The second time Nick took her out, they were both twenty-four and living in separate parquet-floor efficiencies. He showed up at her building early and she was late. It was the hottest day of the year and he was talking to her short Thai neighbor, a mother of three who lived on the sixth floor. Nick held an enormous jug of water on his shoulder and some daisies in his other hand. The elevator in the building had been broken for a week and the Thai woman had two babies in a stroller. The water was hers, three more jugs on the sidewalk. He didn’t notice Phoebe halfway down the block, watching. He was like Benicio in Traffic, she thought. Hot. Jeans and sweating through his pale blue button-down shirt. And the flowers. Come on. And maybe he knew, but none of it felt contrived with Nick. Four trips up and down the five flights of stairs. Neither could Nick mask his excitement when he discovered the oldest of the Thai kids was some kind of ice-hockey prodigy. He decided he’d document the kid’s life and budding career like a Thai hockey version of Hoop Dreams . He wondered aloud to Phoebe if he should submit the finished project to festivals, maybe pitch it to PBS. She not only said he should, she would eventually make him a list of other potential outlets and producers with their contact information, as well as a list of five agencies she thought he should query.

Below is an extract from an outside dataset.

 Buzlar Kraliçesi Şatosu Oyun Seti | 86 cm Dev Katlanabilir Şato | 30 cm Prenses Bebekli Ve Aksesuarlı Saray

When he got a call back from a producer at the Boston PBS affiliate about the forty-four-minute final product (which ended with the Thai kid getting kicked off the team for drug use, becoming a small-time dealer, then getting locked up for knocking out his pregnant girlfriend, the last scene with the mother visiting the incarcerated hockey prodigy in jail, introducing his infant son to him) Nick chalked it up to good fortune. “Their pain, my gain.”

“You made this happen,” she said. “You could have blown her off.”

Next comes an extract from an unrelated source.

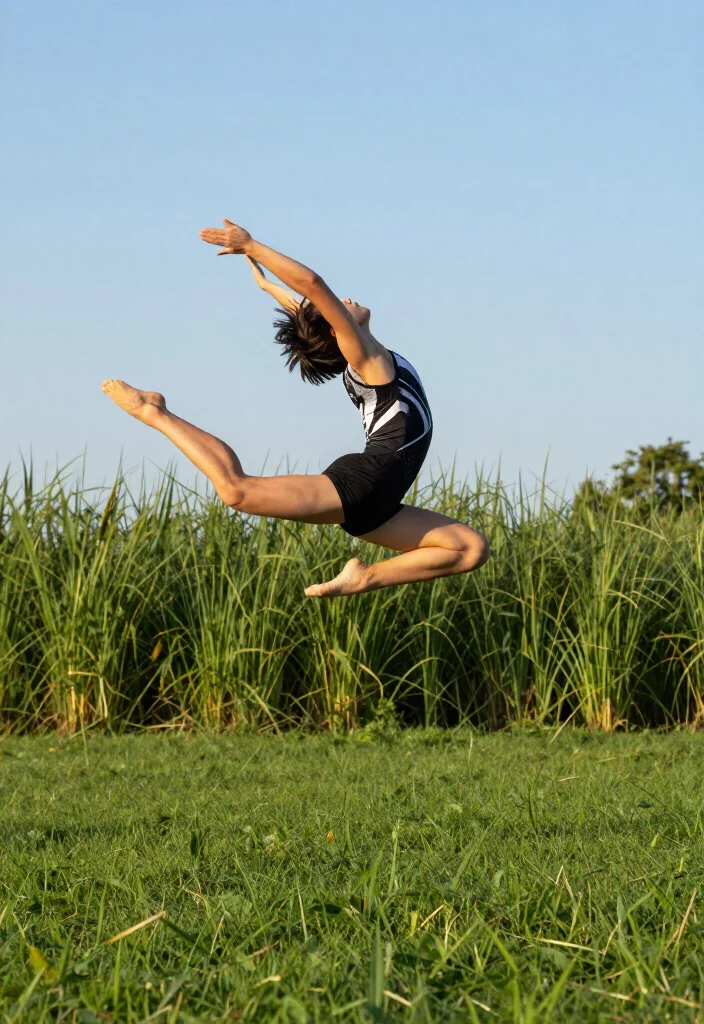 19 Captivating Outdoor Gymnastics Photo Ideas That Showcase Flexibility and Strength! - 8. Nature's Acrobat 1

“Instead I just exploited the woman.”

“It’s called ambition.”

“I was trying to impress you.”

• •

Phoebe sends a text to Nick: Need you

The way she taps it out is casual, and she almost adds a smiling emoticon to soften it, because he’ll read it differently. A command, demanding. Like calling up from the kitchen on a Saturday morning when he’s still in bed, drained from work. She’s agitated, Jackson’s cranky, dishes are piled up like their debt, and someone has to take the car in, the rattling from underneath is getting louder and nothing is going as planned, and she’ll call out his name and add “I need you.”

That’s how he’ll read it.

When he shows up, he brings her iced coffee, which she doesn’t need or want.

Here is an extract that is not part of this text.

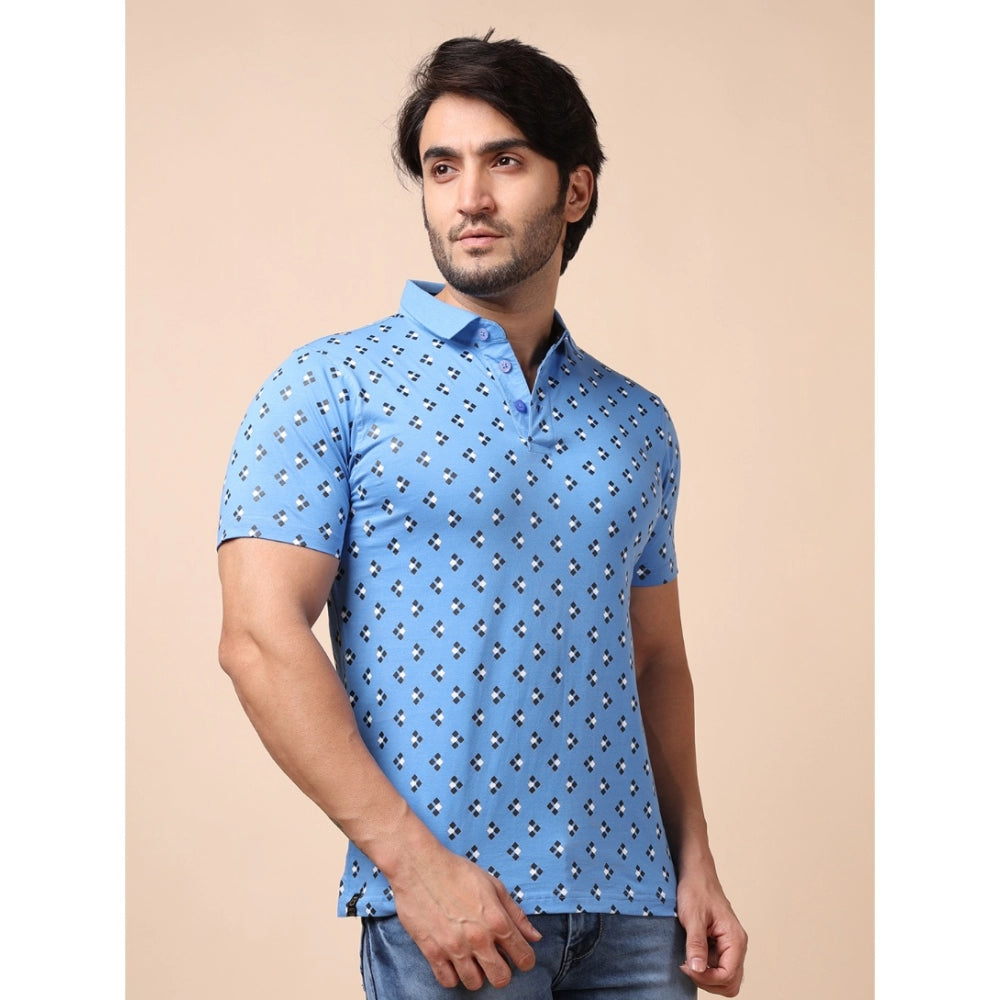 PKRKART Men's Casual Cotton Printed Polo Neck Half Sleeve T-Shirt (Blue)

She thanks him, sips it, and puts it down. She’s peeking in the rearview and side mirror, eyeing the office entrance, suddenly aware of their filthy Subaru that rattles, even when idling. “It’s getting louder.”

Nick is rubbing his eyes, not really listening.

“Should we stay with it?” He means the Explorer.

“Hell with it. Let’s just go,” she says.

“Can’t jump it if we’re not here.”

“Let them figure out how to get me a car that works.” She puts the keys under the floor mat, the doors unlocked. “We’re not sitting in a parking lot waiting for a tow.”